The mentioned property certainly holds if one assumes that $R$ admits a representation into $M_m(F)$ for some $m\in \mathbb N$, where $F$ is a field. I also think that the same will hold if $R$ is a semisimple algebra. I am looking for some other classes of rings which satisfy this property. I was thinking about represenations in von Neuman algebras and to make use of von Neuman rank, but I am not sure about that. Any help will be highly appreciated

Answer 1

Here is a result in the right direction, organizing the comments (some of which were unjustified, e.g., use of IBN). It applies to finite type von Neumann algebras and their regular rings, as well as all stably finite regular rings, and free rings too.

A (unital) ring is left semihereditary if every finitely generated left ideal is projective. This is a Morita invariant; in particular, this implies that every finitely generated submodule of a finitely generated free module is projective. Examples include von Neumann regular rings, rings all of whose matrix rings are Baer (thus including AW*-algebras), free rings, .... The class of semihereditary rings is closed under direct limits with one to one maps.

Recall that a ring is stably finite if all right invertible square matrices are invertible. This includes all AW*-algebras of finite type, their regular rings, free rings, and many others. The class of stably finite rings is closed under direct limits with one to one maps, and subrings.

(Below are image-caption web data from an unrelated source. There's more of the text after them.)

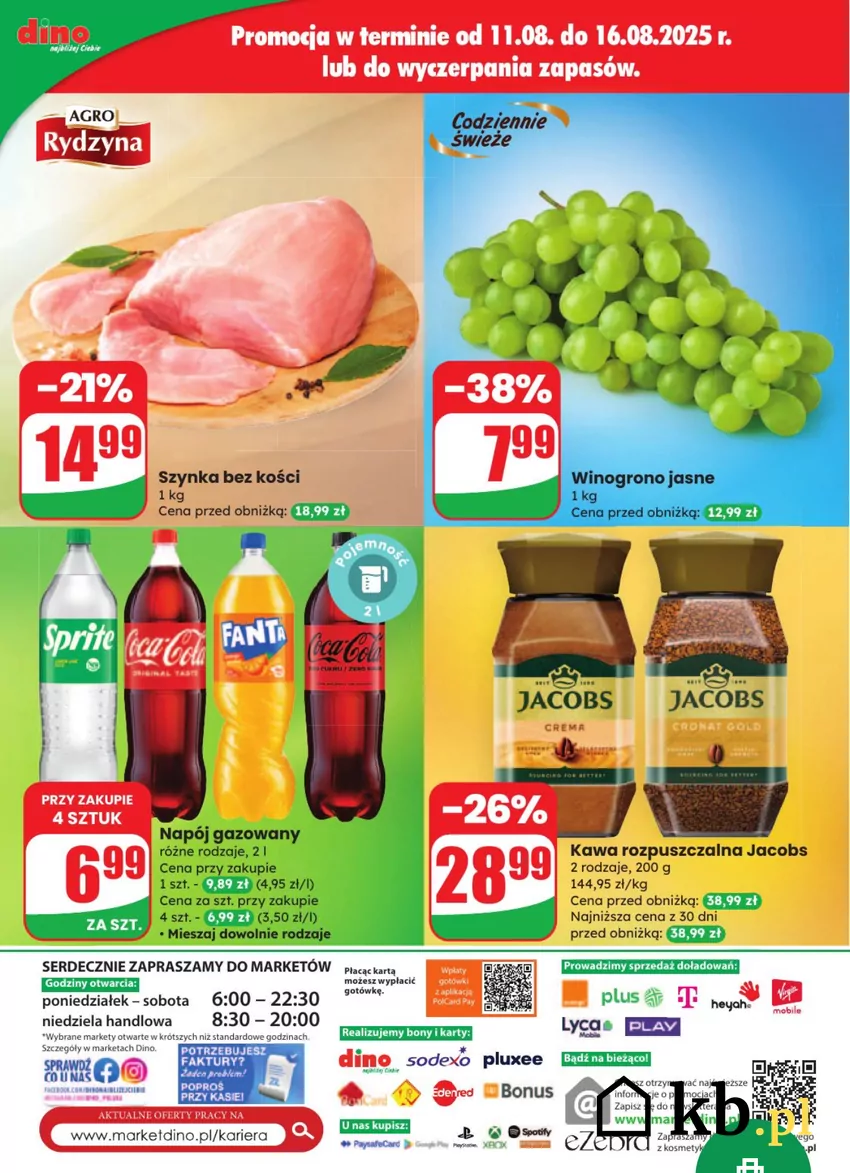 Promocje w Dino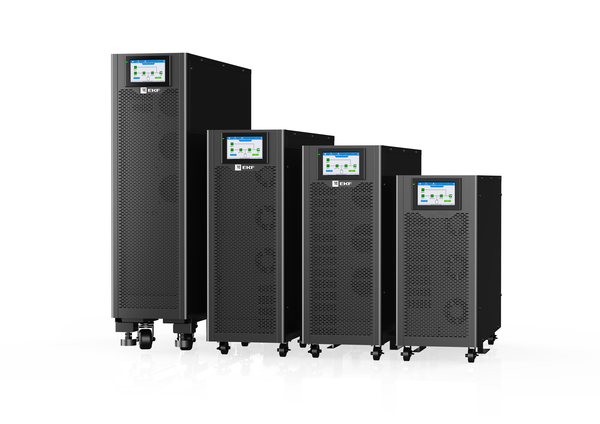 Источник Бесперебойного Питания двойного преобразования E-Power SW900Pro - G5 10кВА/10кВт напольный,3х фазный 3/3,400В, c АКБ 20х 12В_9Ач, 5 минут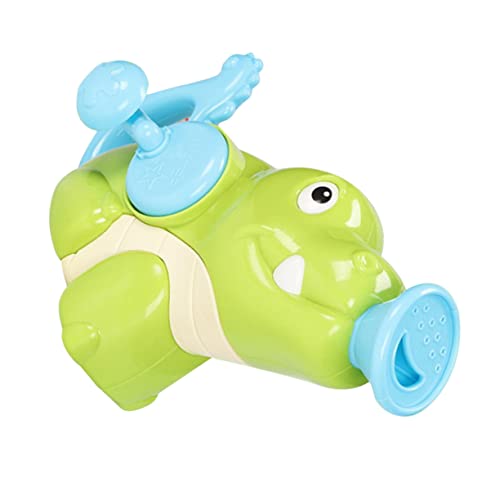 WESIEVYA Hand dusche badewannenspielzeug Pool Toys for Handbetriebene Wassersprühspielzeug swimmingpool Badewannen-Wassersprühspielzeug Badespielzeug Plastik Green von WESIEVYA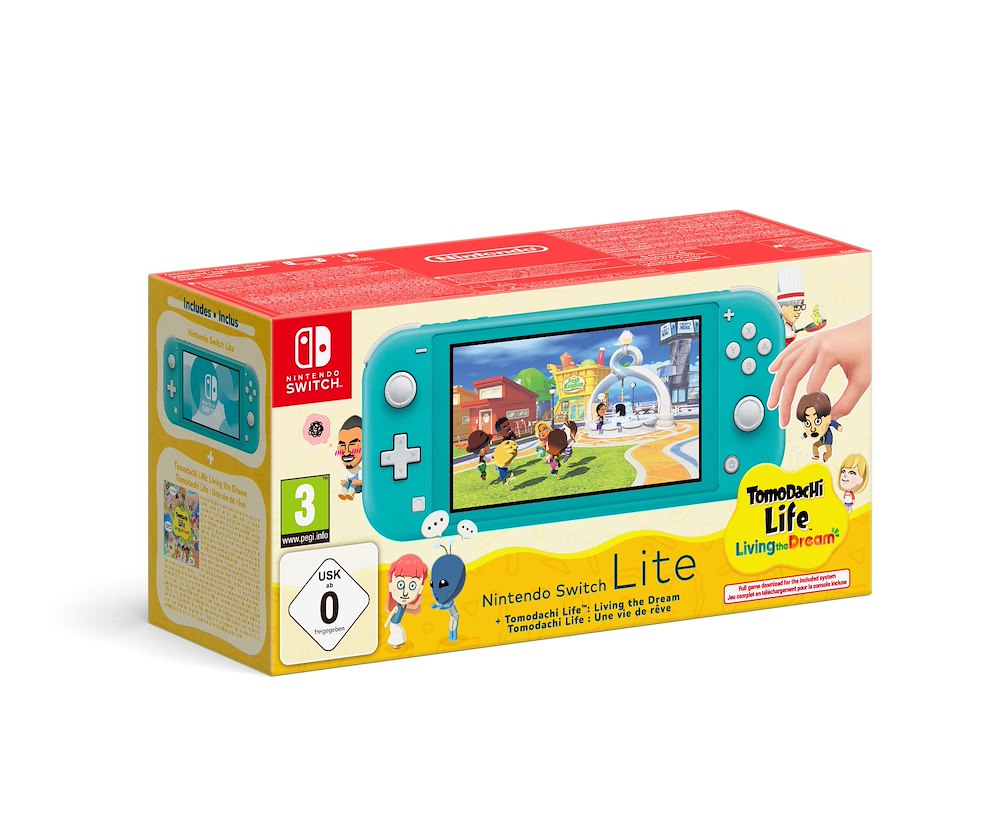 NINTENDO 10020218 - Console Switch Lite + Tomodachi Life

Proposition Let $R$ be a left semihereditary stably finite ring. Then the condition $k_i \leq k_{i+1} + k_{i-1}$ is satisfied.

Proof. Let $P_1$ be the image of $M_i$ in $M_{i+1}$. As $M_{i+1}$ is free and $P_1$ is finitely generated (since $M_i$ is), we have that $P_1$ is projective. Hence $M_i \to P_1$ splits, and thus $M_i $ is isomorphic to $P_1 \oplus P_2$, where $P_2$ is the kernel of $M_i \to M_{i+1}$. We also have $P_1$ is the kernel of $M_{i+1} \to M_{i+2}$, so by the same argument, $P_1$ is a direct summand of $M_{i+1}$.

By exactness, $P_2$ is the image of $M_{i-1}$ in $M_i$, and freeness of $M_i$ (and $P_2$ finitely generated) implies $P_2$ is projective, and thus $P_2$ is isomorphic to a direct summand of $M_{i-1}$.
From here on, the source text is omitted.